DOKUMENTATION: »Reden ist jetzt Gold«
■ Dirk Schneider rief 1988 zum »Bruch des Schweigens« auf
Mit der Offenlegung seiner eigenen Spitzeldienste für die Stasi hat Dirk Schneider lange gezögert. Statt dessen rief er vor knapp drei Jahren als AL-Pressesprecher die Mitarbeiter westlicher Geheimdienste auf, Hinweise auf ihre Tätigkeit an die AL weiterzugebe. »Aufruf zum Bruch des Schweigens« übertitelte Schneider eine von ihm persönlich entworfene Anzeige, die dann am 16. Dezember 1988 in der taz erschien.

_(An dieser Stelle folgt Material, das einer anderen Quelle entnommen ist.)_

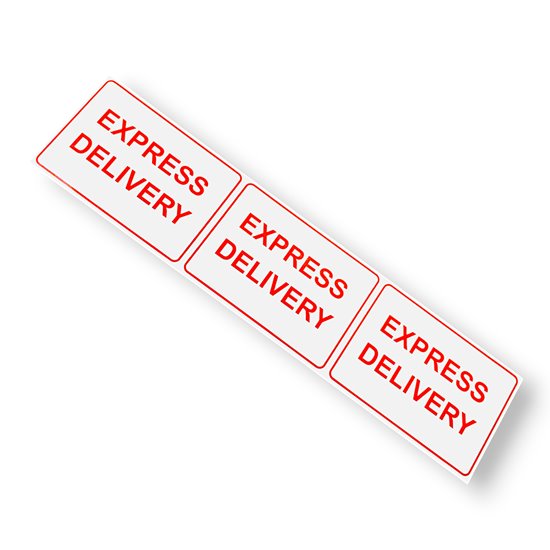 Etykieta EXPRESS DELIVERY 148x130 mm - 100 szt.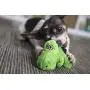 goDog Just For Me TRex With Chew Guard, Green goDog Just For Me TRex With Chew Guard, Green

Kurz zuvor war bekannt geworden, daß das Berliner Landesamt für Verfassungsschutz jahrelang die AL bespitzelt hatte. Die Igel- Partei suchte für den daraufhin eingerichteten Untersuchungsausschuß des Abgeordnetenhauses Informationen von Insidern. Stasi- Mann Schneider appellierte deshalb für seine damalige Partei per taz-Anzeige an »alle Bediensteten, V-Leute, Agenten, Informanten des Verfassungsschutzes und alle, die etwas vom Geheimdienst wissen«, sich mit Hinweisen an die AL-Fraktion zu wenden. »Reden ist jetzt Gold«, formulierte Schneider schwungvoll und sicherte potentiellen Anrufern zu, ihre Tips würden »auf Wunsch selbstverständlich vertraulich« behandelt.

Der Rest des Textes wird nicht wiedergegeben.